O estudo, publicado na revista científica Journal of Adolescent Health, foi realizado em parceria com Sameer Hinduja, professor da Escola de Criminologia e Justiça Criminal da Universidade Florida Atlantic.

Patchin e Hinduja dirigem o Cyberbullying Research Center, centro de pesquisas especializado em assédio virtual.

Suicídio

Casos de bullying cibernético em que agressor e vítima são a mesma pessoa ganharam atenção em 2013, com o suicídio da adolescente britânica Hannah Smith, de 14 anos.

Segundo sua família, Smith era alvo de abuso na rede social ASKfm. O site alegava que a própria garota havia enviado várias das mensagens abusivas contra si mesma, de forma anônima.

Após investigar o caso, a polícia concluiu haver evidências de que as mensagens realmente foram enviadas pela própria jovem.

Patchin lembra de dois casos semelhantes nos Estados Unidos. “Em um deles, uma menina de 15 anos cometeu suicídio após sofrer bullying online e na escola. Depois, descobriu-se que muitas das mensagens abusivas haviam sido postadas por ela própria. Ela dizia que era feia e que deveria se matar”, relata.

Segundo Patchin, adolescentes vítimas de cyberbullying se mostraram oito vezes mais propensos a ter praticado automutilação digital. Vítimas de bullying na escola eram entre quatro e cinco vezes mais propensas.

“Não sabemos o que veio primeiro, se ser vítima de cyberbullying o faz cometer automutilação digital ou se, como você pratica isso, faz com que outros também postem abusos contra você. Mas sabemos que há uma relação”, observa.

Patchin relata que, em alguns casos, os estudantes disseram estar postando de forma anônima o que já havia sido dito ou postado sobre eles de maneira privada.

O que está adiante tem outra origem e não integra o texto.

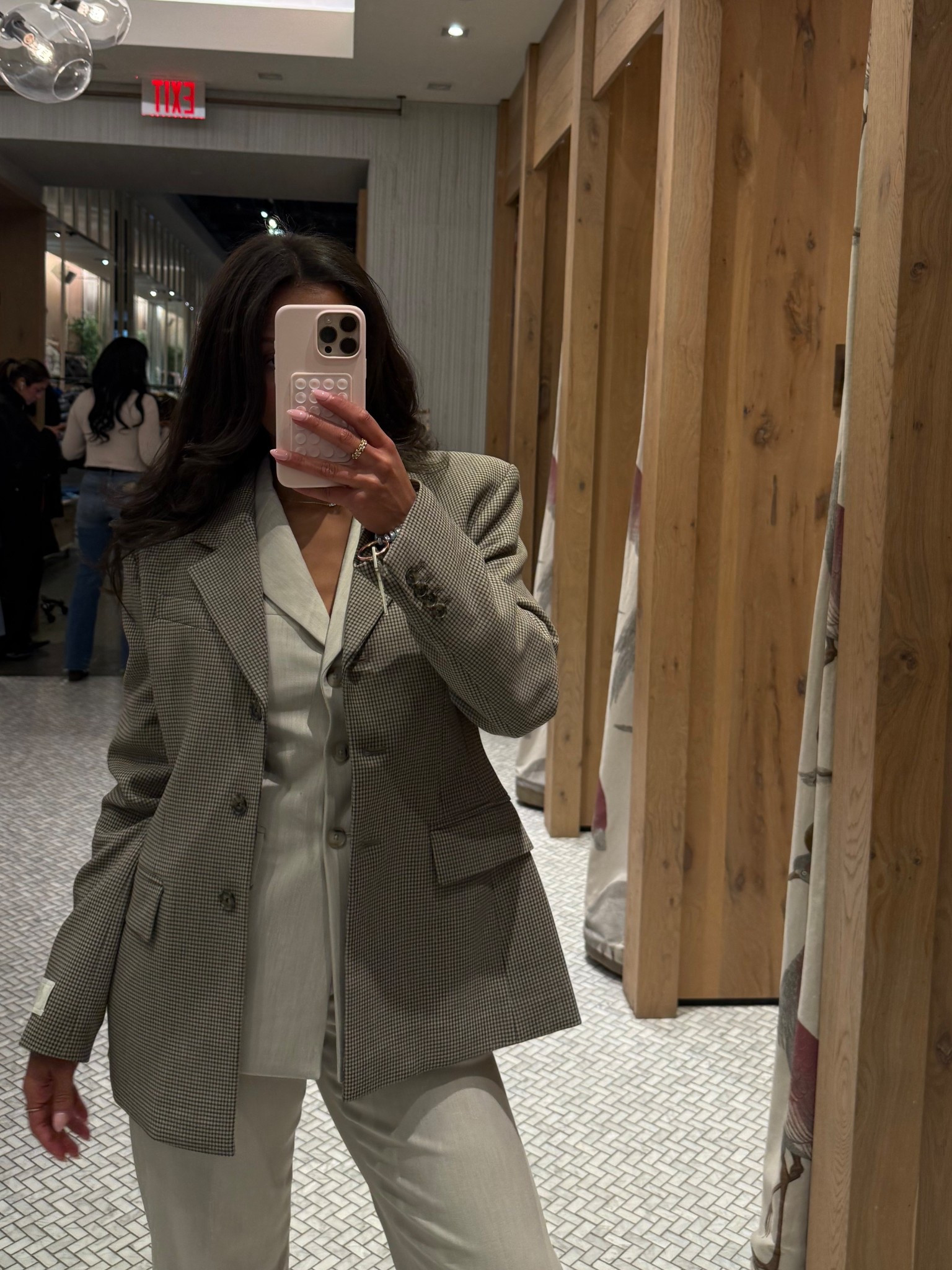 standout blazer layering!!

“Por exemplo, alguém está enviando mensagens cruéis e você está deletando, e ninguém mais vê essas mensagens, mas você quer tornar público o que está acontecendo. Então, posta os comentários você mesmo, de forma anônima, em uma página onde outros possam ver e, talvez, oferecer ajuda.”

Diferenças

Mais da metade (51,3%) dos participantes que admitiram ter praticado automutilação digital disseram ter feito apenas uma vez. Outros 35,5% revelaram ter postado mensagens abusivas sobre si mesmos algumas vezes, e 13,2%, várias vezes.

Jovens com histórico de uso de drogas, sintomas de depressão e automutilação física e aqueles que se identificaram como não heterossexuais se revelaram mais propensos a praticar automutilação digital.

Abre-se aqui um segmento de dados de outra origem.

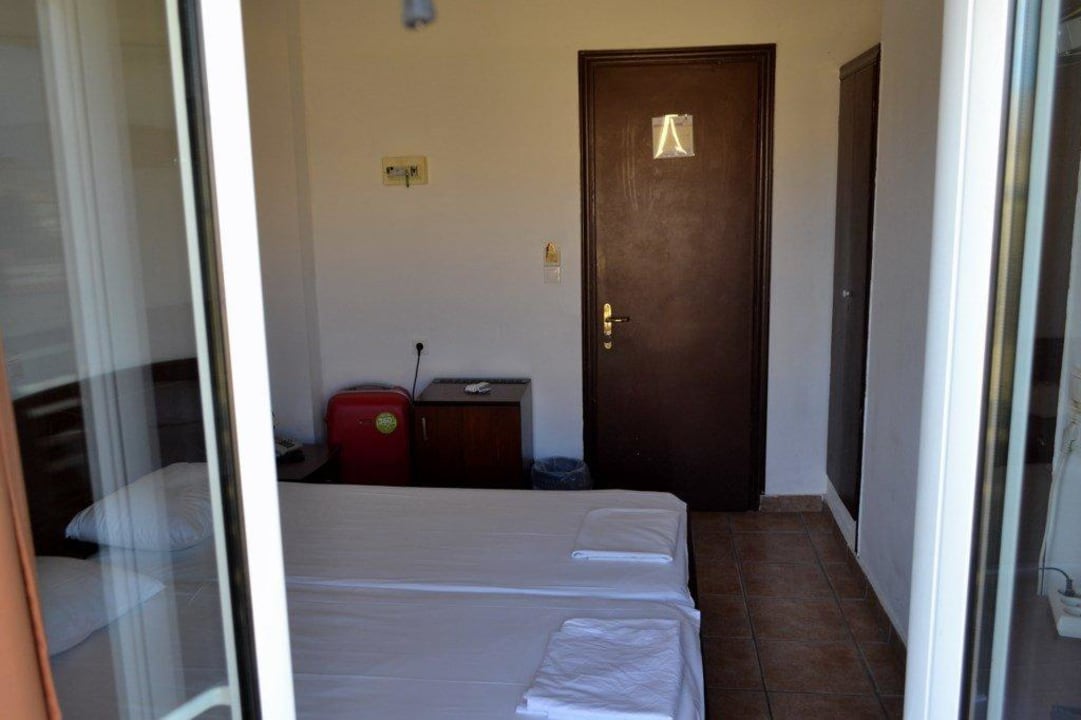 Pokój nie od ulicy Hotel AKTI Arilla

Os pesquisadores encontraram algumas diferenças entre meninos e meninas. Enquanto 7,1% dos garotos admitiram a prática, o índice entre elas foi menor, de 5,3%.

Os motivos apresentados também revelaram diferenças: enquanto muitos dos meninos disseram que viam o comportamento como uma brincadeira e uma maneira de chamar a atenção, entre as garotas era mais comum citar depressão ou sofrimento emocional.

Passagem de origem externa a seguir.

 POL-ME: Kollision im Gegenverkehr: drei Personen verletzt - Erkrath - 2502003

Segundo a especialista em comportamento digital de adolescentes Meghan McCoy, coordenadora de programas do Massachusetts Aggression Reduction Center (Centro de Redução de Agressão de Massachusetts, em tradução livre), ligado à Universidade Bridgewater State, os resultados relatados por Patchin são consistentes com os observados em estudos realizados pelo centro.

Em pesquisas realizadas pelo centro com estudantes recém-ingressados na universidade sobre seu comportamento enquanto ainda estavam no ensino médio, entre 10% e 15% revelam já ter praticado automutilação digital.

“Observamos esse comportamento desde 2012. Os números se mantiveram estáveis nos últimos cinco anos, então não acho que estão aumentando. Acredito que seja algo sobre o que as pessoas só agora estão tomando conhecimento”, disse McCoy à BBC Brasil.

Assim como no estudo de Patchin e Hinduja, McCoy observa que entre os motivos citados pelos adolescentes entrevistados pelo centro está a busca por atenção e apoio. Ela também ressalta a forte relação entre automutilação digital e cyberbullying.

Para Patchin, é importante que pais, professores, e mesmo policiais investigando casos de cyberbullying mantenham a mente aberta sobre o que está ocorrendo e ofereçam apoio a quem está passando pela experiência, mesmo nos casos em que vítima e agressor são a mesma pessoa.